WHAT THIS TASK INVOLVES = All that should be output is the block of lines below from the line with "A woman modeling" to the line with "A wooden deck with stairs leading up to it", both included, exactly as written.

[Items from a data source]
※ ※ ※
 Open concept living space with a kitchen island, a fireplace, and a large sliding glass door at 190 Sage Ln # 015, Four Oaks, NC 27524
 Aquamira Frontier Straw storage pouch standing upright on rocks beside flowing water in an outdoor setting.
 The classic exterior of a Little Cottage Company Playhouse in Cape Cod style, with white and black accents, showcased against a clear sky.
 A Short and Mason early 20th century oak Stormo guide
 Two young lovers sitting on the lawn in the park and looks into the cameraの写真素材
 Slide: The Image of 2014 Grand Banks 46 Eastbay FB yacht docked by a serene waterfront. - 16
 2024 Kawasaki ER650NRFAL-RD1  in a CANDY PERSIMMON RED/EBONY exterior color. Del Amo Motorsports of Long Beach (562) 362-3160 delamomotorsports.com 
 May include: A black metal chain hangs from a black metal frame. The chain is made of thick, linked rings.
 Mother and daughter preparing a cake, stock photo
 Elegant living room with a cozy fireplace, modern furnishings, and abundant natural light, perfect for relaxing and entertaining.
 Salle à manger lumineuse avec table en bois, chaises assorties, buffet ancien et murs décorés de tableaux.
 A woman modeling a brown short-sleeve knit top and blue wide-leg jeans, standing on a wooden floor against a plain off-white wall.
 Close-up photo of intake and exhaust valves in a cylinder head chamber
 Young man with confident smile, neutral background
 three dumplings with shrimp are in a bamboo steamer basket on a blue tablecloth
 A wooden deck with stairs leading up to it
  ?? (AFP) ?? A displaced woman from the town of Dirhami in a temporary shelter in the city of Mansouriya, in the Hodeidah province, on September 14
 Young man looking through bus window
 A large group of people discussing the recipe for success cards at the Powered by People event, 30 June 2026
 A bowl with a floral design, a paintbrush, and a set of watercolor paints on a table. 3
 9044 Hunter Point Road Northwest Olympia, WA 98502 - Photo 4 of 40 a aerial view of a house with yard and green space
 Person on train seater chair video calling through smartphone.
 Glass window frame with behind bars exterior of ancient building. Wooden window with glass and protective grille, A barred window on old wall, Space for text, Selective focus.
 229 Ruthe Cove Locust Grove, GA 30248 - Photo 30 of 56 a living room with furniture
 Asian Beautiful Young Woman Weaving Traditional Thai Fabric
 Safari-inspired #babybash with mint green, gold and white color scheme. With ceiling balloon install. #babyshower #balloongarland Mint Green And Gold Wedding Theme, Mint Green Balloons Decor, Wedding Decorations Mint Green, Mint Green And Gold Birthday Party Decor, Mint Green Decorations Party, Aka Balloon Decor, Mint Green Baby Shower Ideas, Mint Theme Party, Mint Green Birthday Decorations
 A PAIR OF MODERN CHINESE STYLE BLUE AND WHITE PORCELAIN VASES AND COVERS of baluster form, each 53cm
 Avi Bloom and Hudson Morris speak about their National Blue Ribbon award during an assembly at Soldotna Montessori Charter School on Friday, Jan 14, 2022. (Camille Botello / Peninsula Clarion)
※ ※ ※
TASK SOLUTION =
 A woman modeling a brown short-sleeve knit top and blue wide-leg jeans, standing on a wooden floor against a plain off-white wall.
 Close-up photo of intake and exhaust valves in a cylinder head chamber
 Young man with confident smile, neutral background
 three dumplings with shrimp are in a bamboo steamer basket on a blue tablecloth
 A wooden deck with stairs leading up to it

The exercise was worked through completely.